CBMR continues to operate hotel
The Elevation Hotel and Spa in Mt. Crested Butte is currently stuck in a court-induced limbo because the owner of the building, Sunvest Communities, is having financial trouble.
Crested Butte Mountain Resort chief executive officer Ken Stone says Sunvest “got upside down on [the Elevation]. The court has put it in receivership… It will take quite a while to sort through everything.”
Stone says CBMR will continue to manage the building as a hotel, including the Elevation Spa and 9380 restaurant, until the financial situation with Sunvest is settled, which could take several months.
Receivership is an alternative to bankruptcy, where a court appoints a “receiver” to take charge of a company’s assets and administer them as the court directs. Receiverships are sometimes used to liquate a company’s assets to solve debt, but in other cases they are used to resolve disputes between company directors and shareholders. Receiverships do not apply to individuals.

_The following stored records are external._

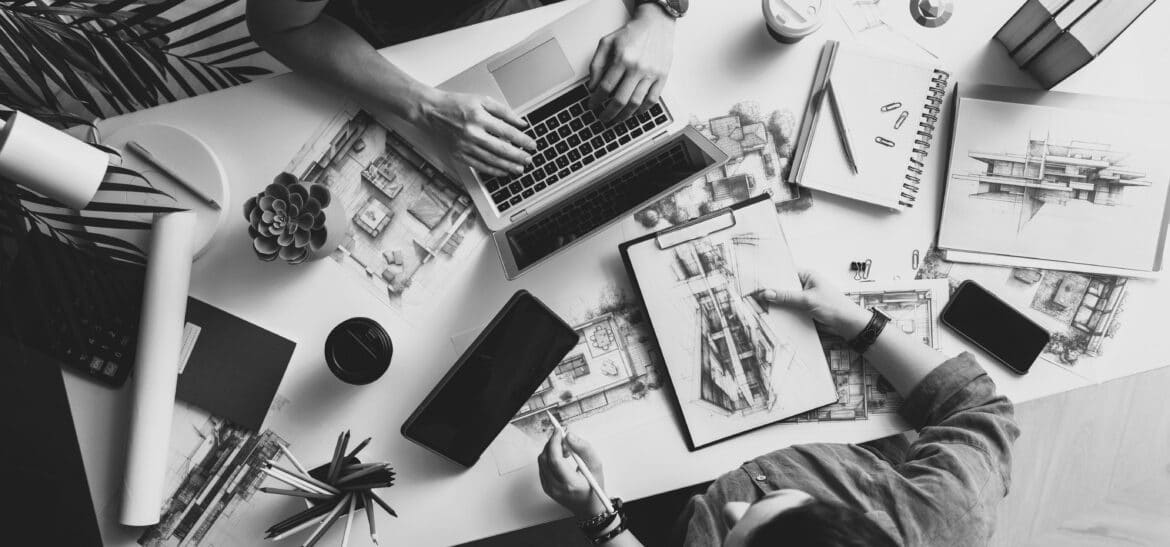 ¿Cuánto cuesta una página web profesional en 2026?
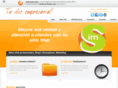 sitioswebprofesionales.com.mx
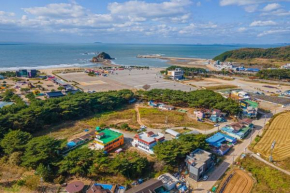 Trust Pension Taean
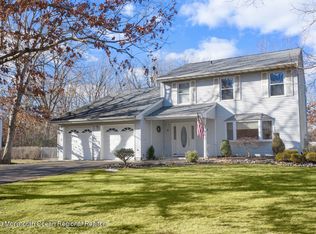 3 Independence St, Old Bridge, NJ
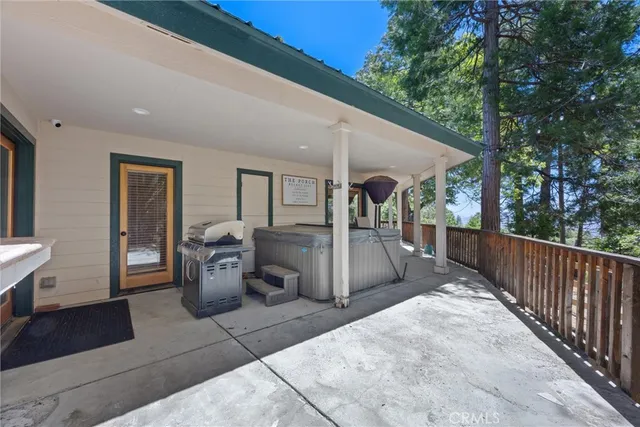 $649,000 | 10820 Bonita Way, Wofford Heights, CA 93285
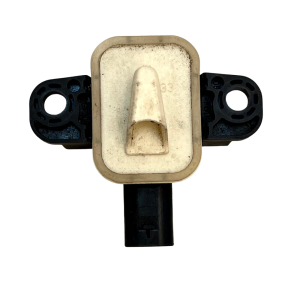Mercedes GLE W166 Front Door SRS Crash Impact Sensor A1668210351 Genuine - Image 1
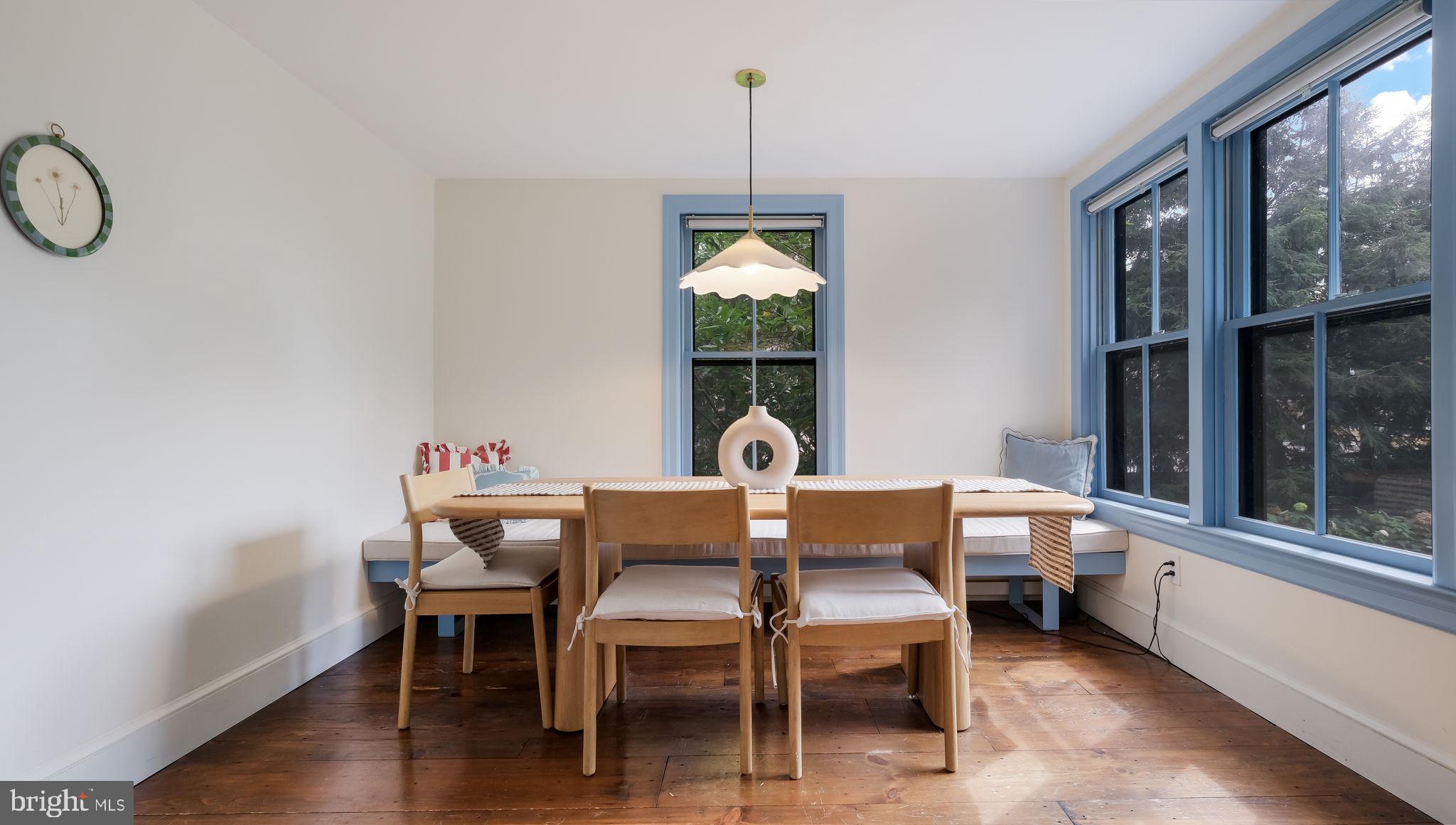 DOYLESTOWN BORO - Residential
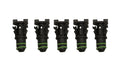 Parts for Harley-Davidson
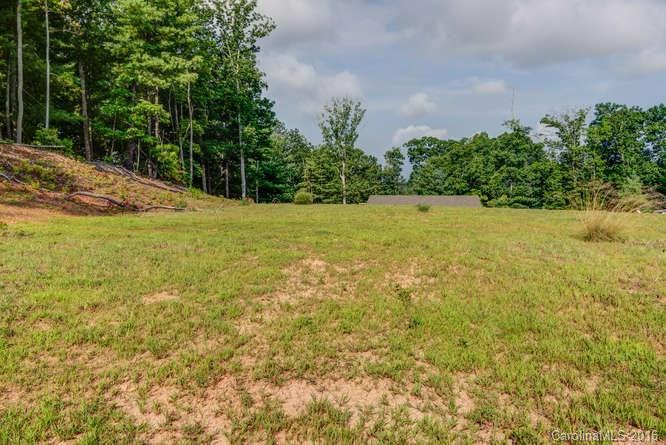 8 Loblolly Lane #22 - Photo 5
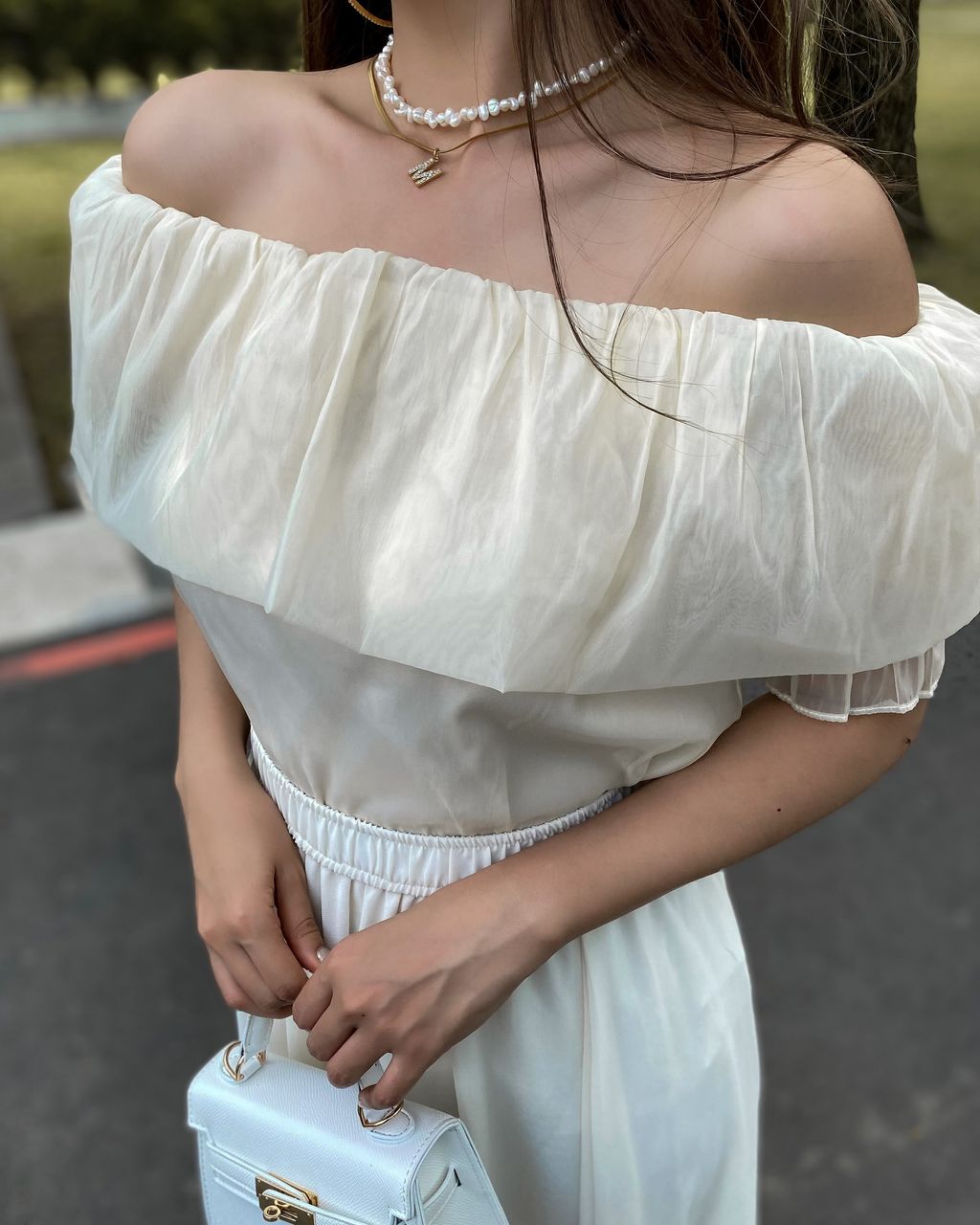 IMG_7282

The actual “receiver” in this case is unknown, but Stone says Wells Fargo is taking claim to the Elevation Hotel as the bank that originally issued the loans Sunvest used to purchase and remodel the building.
Based in Hallandale, Fla., Sunvest USA purchased the Club Med building for an undisclosed price in June 2006. Sunvest specializes in converting hotel properties into condominiums. They immediately began a $25 million renovation of the entire building, including adding kitchenettes, flat-screen TVs and high-end furnishings in each of the building’s 262 residential units. The renovations were split into two phases, and units finished during the first phase went on the market last year.

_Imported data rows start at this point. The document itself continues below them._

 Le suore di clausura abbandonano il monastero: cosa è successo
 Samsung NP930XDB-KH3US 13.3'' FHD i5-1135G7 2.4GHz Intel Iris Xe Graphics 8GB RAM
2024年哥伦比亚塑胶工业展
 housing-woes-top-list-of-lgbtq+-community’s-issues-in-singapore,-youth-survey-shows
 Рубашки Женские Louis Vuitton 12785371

Prices ranged from about $380,000 for studio apartments to $775,000 for a two-bedroom. All of the units came with a deed restriction that limited the amount of time an owner could occupy the unit during a year, and unoccupied units would be left open for hotel rental use.
Local real estate agent Channing Boucher says only seven of the units actually closed at sale. At one point, he says, Sunvest indicated there were soft contracts on 200 of the building’s units. “They told me they had over 200 contracts going… If all those had gone through it would be a no-brainer. There would be no receivership,” he says.

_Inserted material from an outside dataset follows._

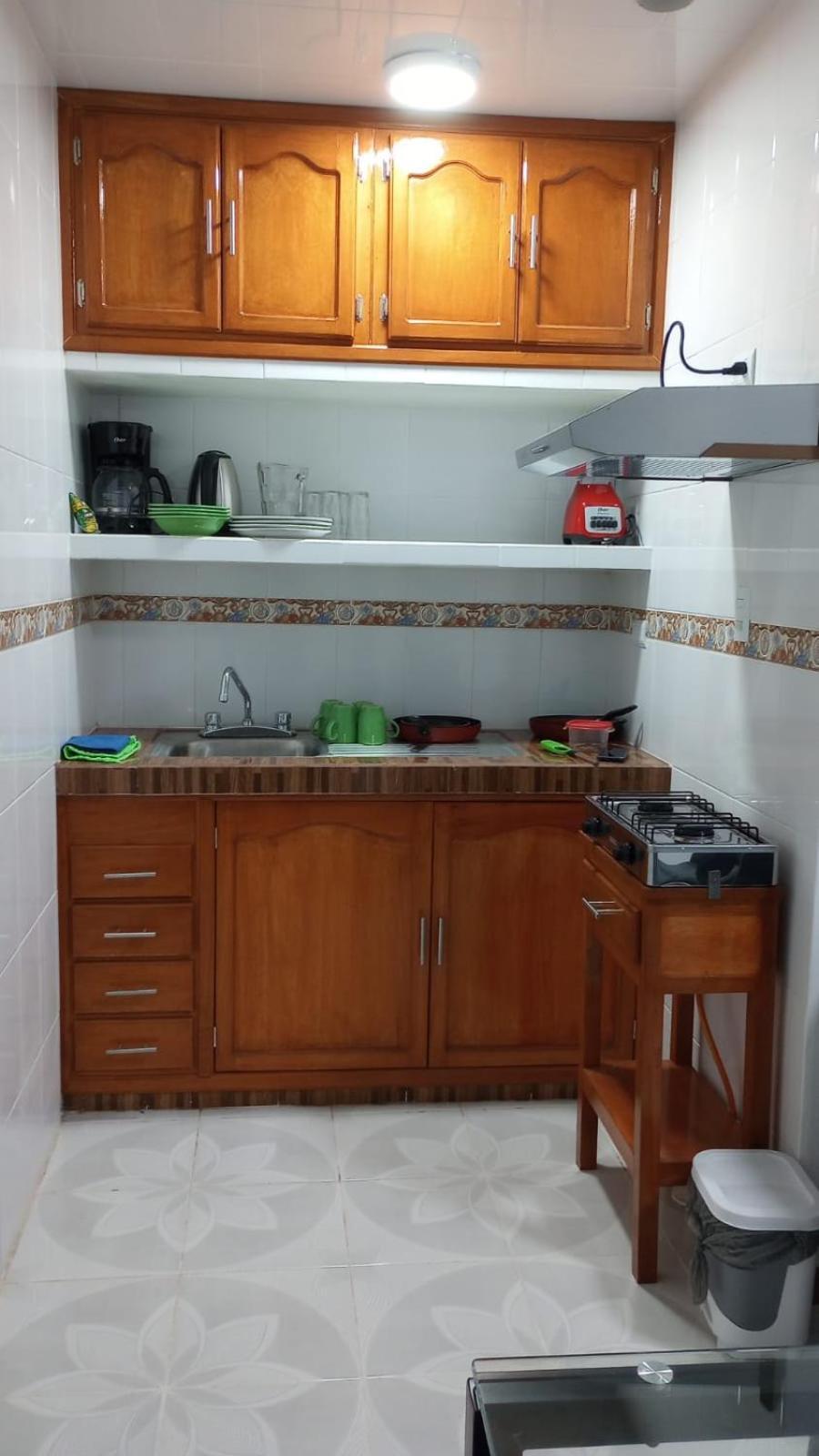 Orizaba Suites Rio Blanco  Dış mekan fotoğraf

Boucher believes many of those potential buyers pulled out of the deal last fall after lending giants Fannie Mae and Freddie Mac placed tough new restrictions on their condominium loan packages. With a large amount of debt and very few people investing in the property Boucher says, Sunvest “just imploded.”
“The biggest concern is not so much who is going to own the building, but who is going to manage it?” Boucher says. “Who is going to take over and run this hotel?”
CBMR has been managing the hotel since Sunvest purchased the building from Club Med. Stone says CBMR has had an agreement in place with Sunvest to purchase all of the building’s commercial spaces, including the restaurant and spa areas. But Stone says that deal never closed, and while CBMR is still interested in the commercial areas, Stone says its just one more thing that remains to be worked out in the receivership process.
Boucher says he believes the bank will ultimately continue to have CBMR operate the Elevation as a hotel. “It’s a situation where everyone is in a wait and see mode… It makes things confusing for guests and it hurts the image of Crested Butte,” he says.
Stone says it could be several months until the matter is settled. In the meantime, he says, CBMR will continue to operate the building as a hotel while it is under receivership. “We’re staying in as the management company. We will continue to operate it as a hotel as we move forward.”
Representatives of Wells Fargo denied comment on this article, citing a policy to keep their customer’s business confidential.
It is unclear whether any of Sunvest’s other properties are affected. The company’s website has been off-line over a week, and Louis Birdman, CEO of Sunvest, declined comment on this article. No other information on the financial status of Sunvest was available in the national news media.